Indications for ECMO




  1. Patients with irreversible end-stage lung disease presenting with clinical deterioration (refractory hypoxia or hypercapnia) or lack of response despite the use of invasive or noninvasive mechanical ventilation.



  2. Patients with severe pulmonary hypertension refractory to pulmonary vasodilators and/or hemodynamic deterioration caused by right ventricular failure.
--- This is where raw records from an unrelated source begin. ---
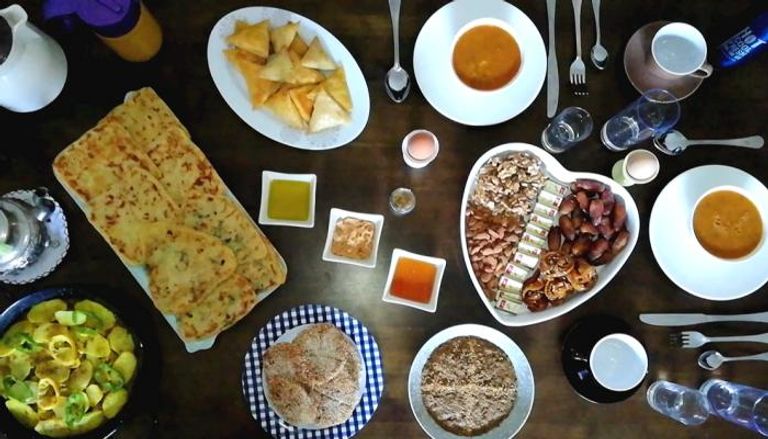 مائدة سحور غير صحية في رمضان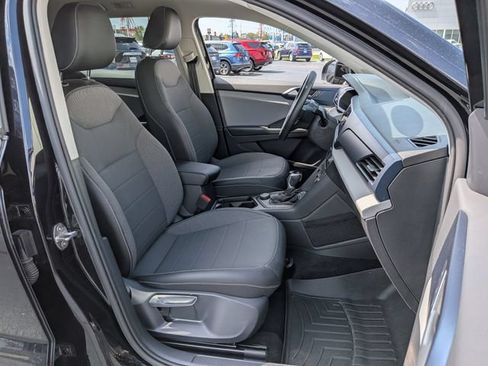 Used 2022 Volkswagen Taos SE AWD/4WD image 21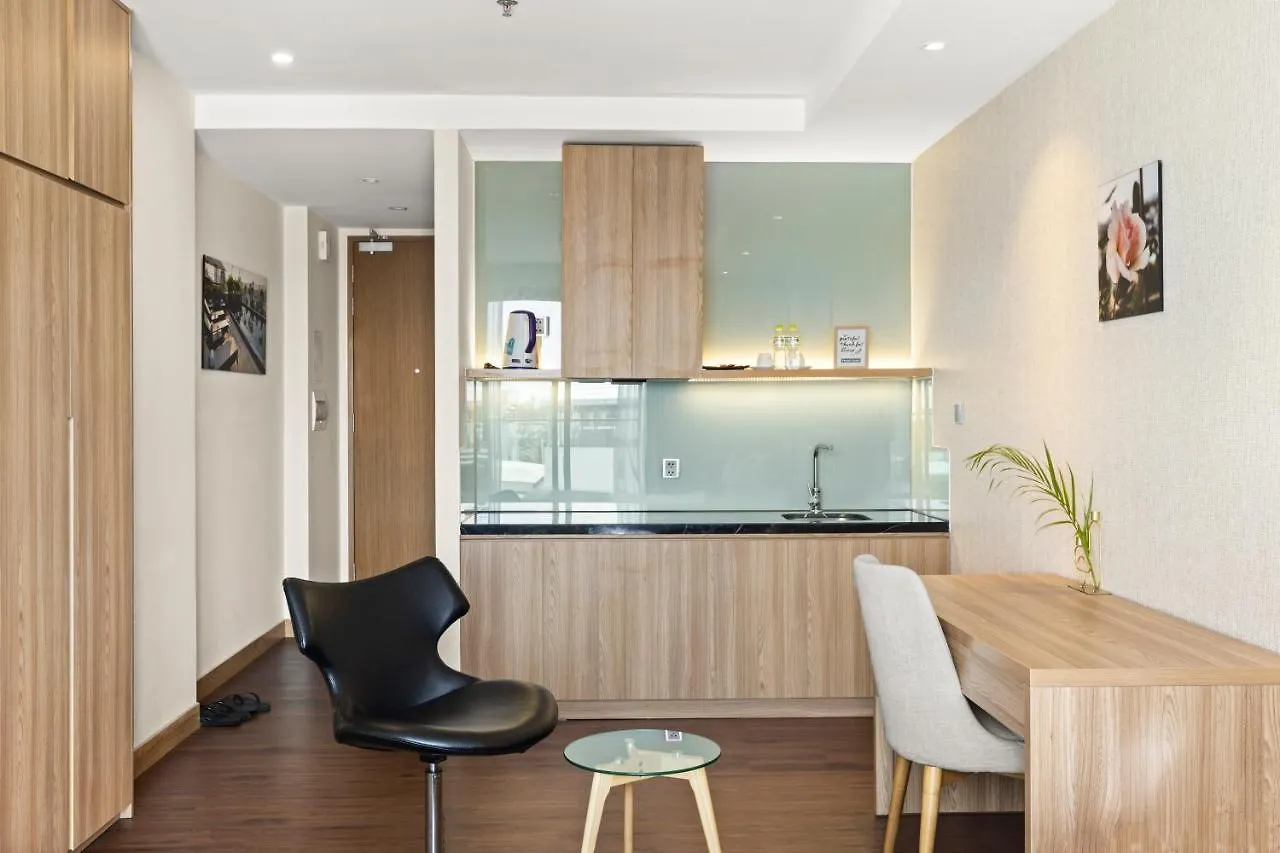 Moon Hotel And Apartment Da Nang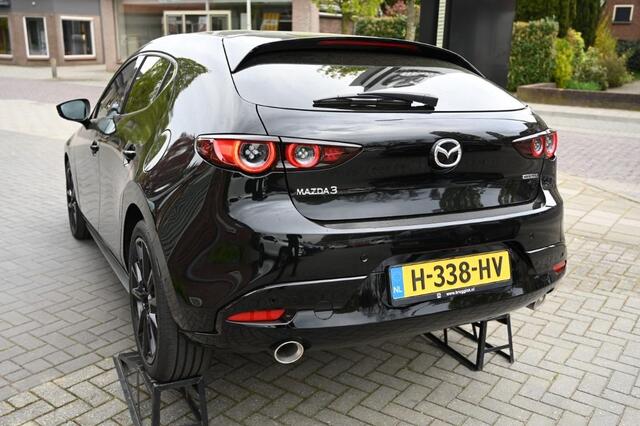 Mazda 3 e-SkyActiv-X 180 automaat Luxury met I-activsense *Trekhaak* *Dealeronderhouden* *All-in prijs*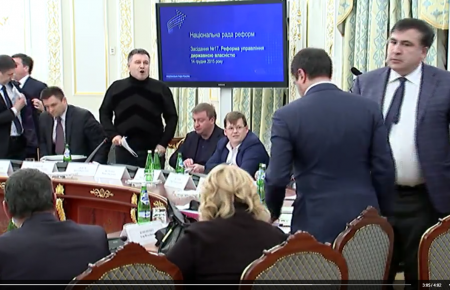«Відео Авакова і Саакашвілі зупинило роботу в офісах» — журналіст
  3. Patients with severe exercise-induced pulmonary hypertension associated with advanced lung disease, presenting with clinical deterioration and progressive physical decline, and unable to maintain ambulation and good functional status.




Contraindications to the Use of ECMO




  1. Active bloodstream infection



  2. Acute renal failure not responsive to medical therapy (need for dialysis)



  3. Hereditary or acquired coagulation disorders (i.e., blood dyscrasia, heparin-induced thrombocytopenia)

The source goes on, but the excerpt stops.